By: Nu Yang
Instead of scrolling through dozens of irrelevant story links and updates on a news feed, Trove streams in news from thousands of sources so readers can follow topics they care about, pick stories to highlight for others and get the best news stories picked by people who share the same interests. Created by the former Washington Post Labs team (now the technology and innovation division of Graham Holdings Co.), Trove is a revamped version of the Post’s social news app and website Social Reader. The new product launched in January and is available as an app on iPhone and iPad and at trove.com.
So, what is a “trove”? It’s a collection of articles about a particular topic. By using computer algorithms, Trove sorts through articles from nearly 15,000 sources, analyzing each story, sorting by names, keywords, places and topics.

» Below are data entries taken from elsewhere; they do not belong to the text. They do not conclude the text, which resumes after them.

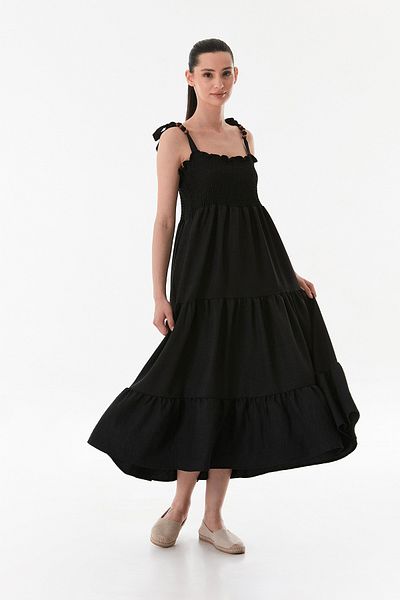 Fulla Moda Φόρεμα με λουράκια Gipe με λεπτομέρειες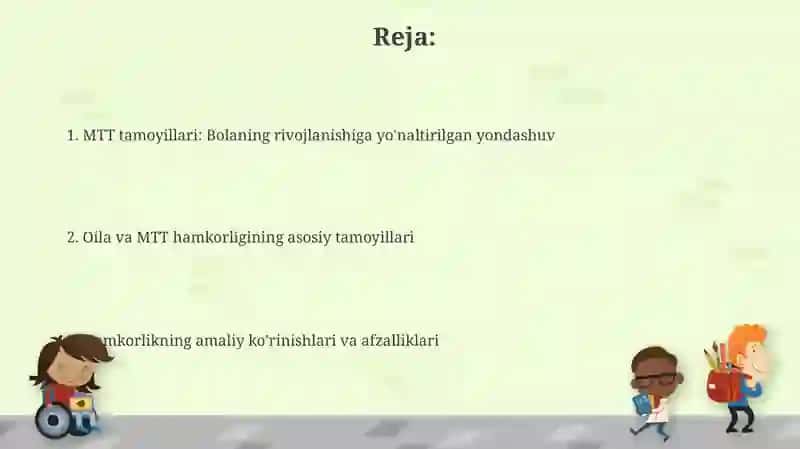 MTT va oilaning o'zaro hamkorligi 2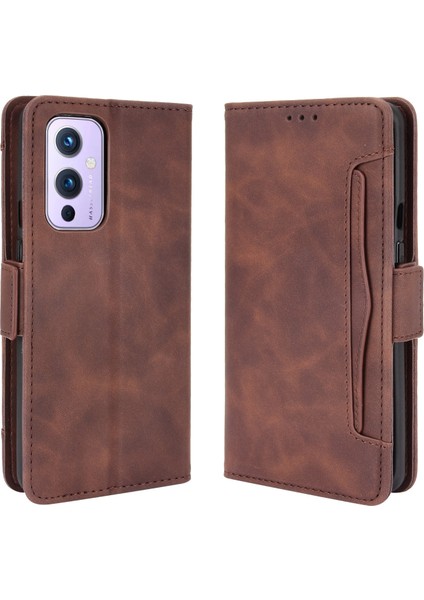 Oneplus 9 Flip Pu Deri Darbeye Dayanıklı Koruyucu Kılıf Kredi Kartı Tutucu ile Uyumlu (Yurt Dışından)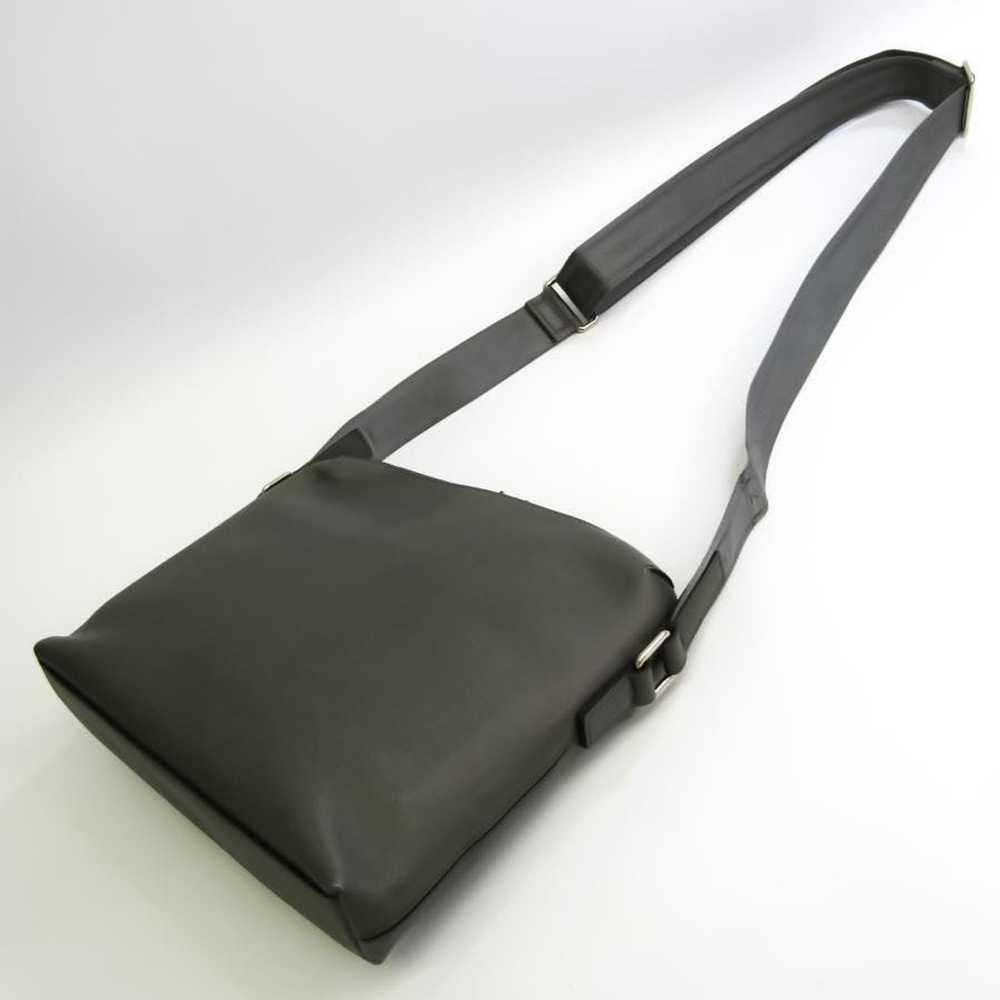Authenticated Used LOUIS VUITTON Louis Vuitton Pochette Grigori Shoulder Bag  M30505 Taiga Ardoise Black Series Silver Metal Fittings Diagonal Messenger  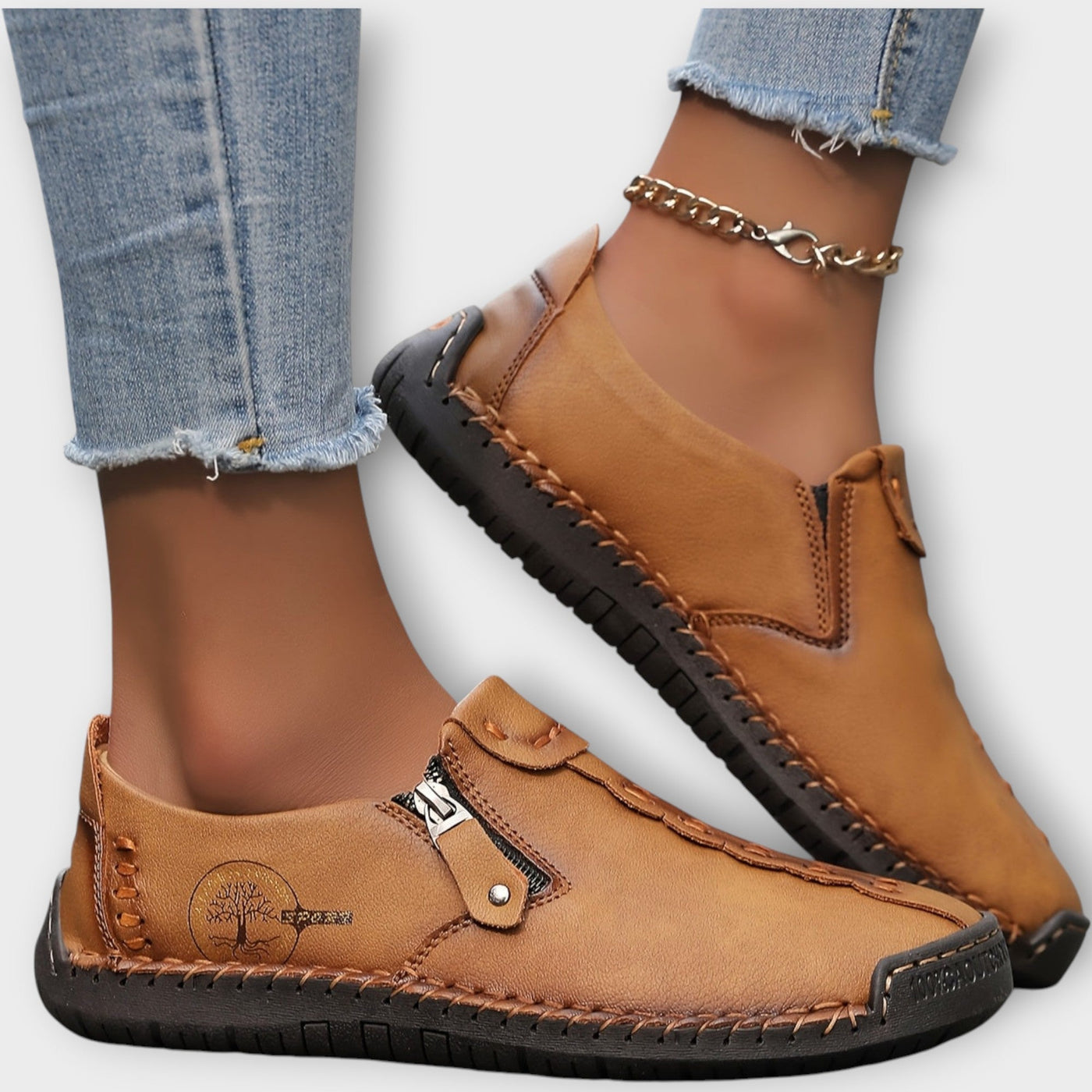 Puha Bőr Slip-On Loafer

“For publishers, it’s an opportunity to expose their content to an audience they might not otherwise reach,” said general manager Thao Tran. “For instance, if I curate a trove on happiness, people interested in happiness might not go to The Daily Beast or The Atlantic to look for stories on happiness, but they might see stories from those sources in my trove.”
Not only are troves created by computer algorithms, they’re also curated by users. Tran said it’s what makes them stand out among news feeds because stories have been vetted by actual readers. Readers can also create their own troves and follow troves.

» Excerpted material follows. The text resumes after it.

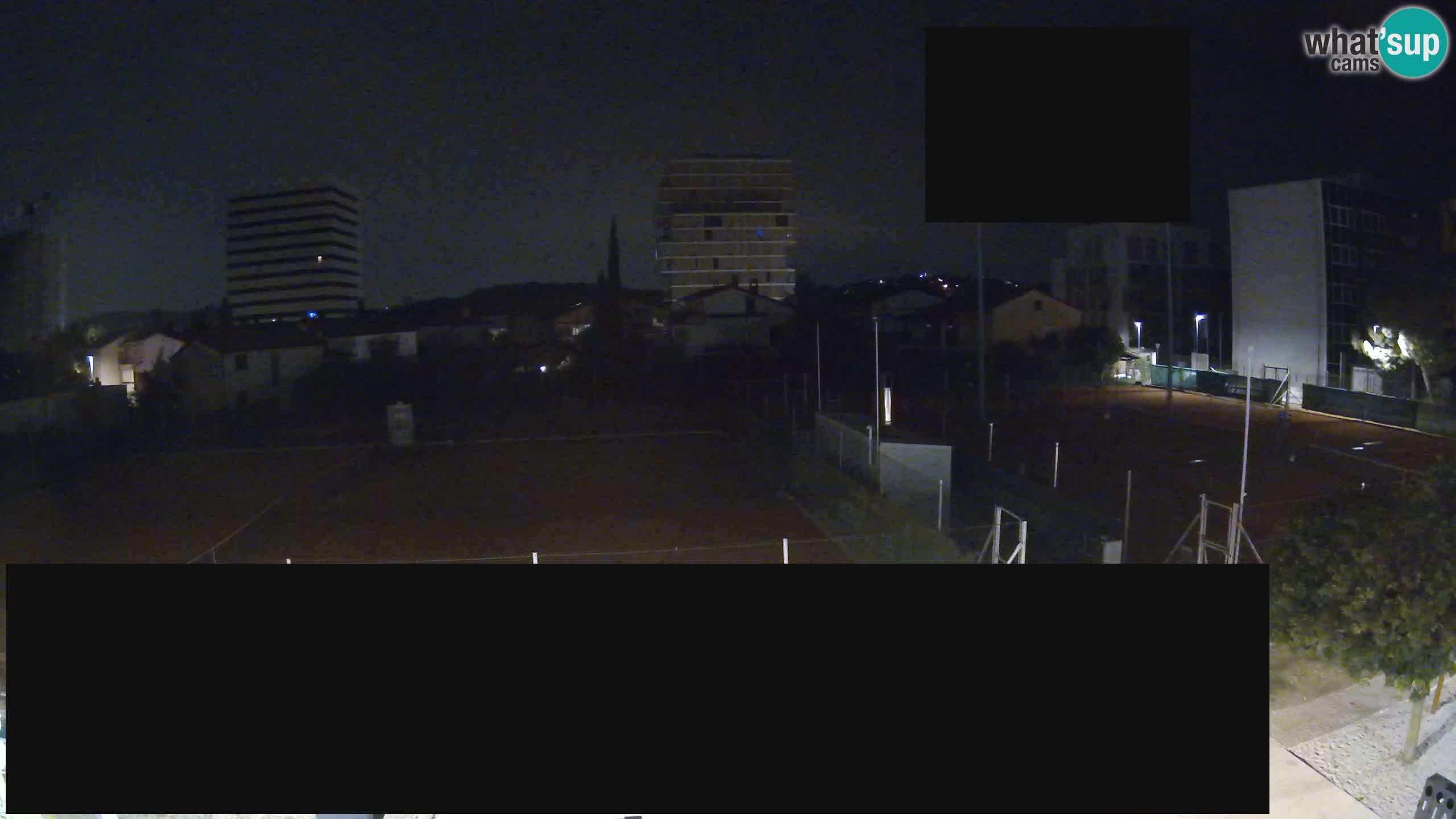 Live webcam ﻿Tennis Club Nova Gorica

“What is the most recent story might not be the most relevant,” she said. “Trove is able to take (curating) to a deeper level based on the content…there’s a great balance with the human algorithm combined with a good technology system.”
With almost 100 publishing partners, Trove’s editorial team makes sure each story originates from a reliable source. As managing editor Sandy Sugawara works closely with the engineering team to sort through stories and decide which ones to promote, top stories are updated often throughout the day.

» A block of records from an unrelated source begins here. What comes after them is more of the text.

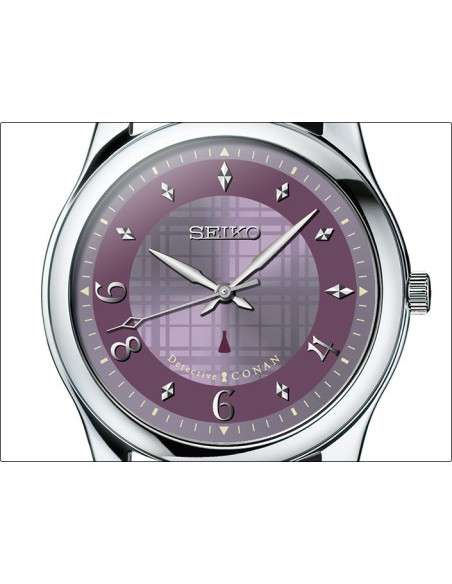 reloj unisex Seiko DETECTIVE CONAN  Ai Haibara × SEIKO COLLABORATION WATCH MADE IN JAPAN LIMITED EDITION 35mm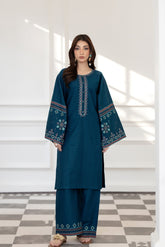 Flutterby Stitched 2 Piece Cotton Satin Winter Collection'2025-Selena-zn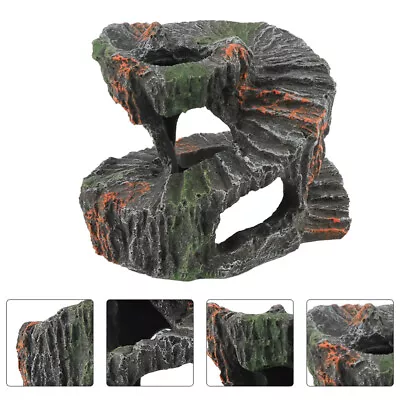 Aquarium Turtle Basking Terrace Reptile Platform Decorations- • $21.89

“A key benefit of being a partner is that we share data about how their stories are doing on Trove, what’s been read and shared, and how often,” Tran said.
As the trend of personalized news grows, Sugawara said she sees a lot of news organizations experimenting with different approaches. “Most large media companies are interested in figuring out how to present their readers with a personalized homepage. If readers are interested in sports, their homepages would have more sports stories. If other readers are more interested in entertainment, their homepages would have more entertainment stories… Trove is one approach that gives the reader a lot of control over what they see.”
Moving forward, Tran said an Android version of Trove is in the works as well as an upgraded website. “We want to continue to build a large curator community showcasing our best content that’s been shared and picked by readers.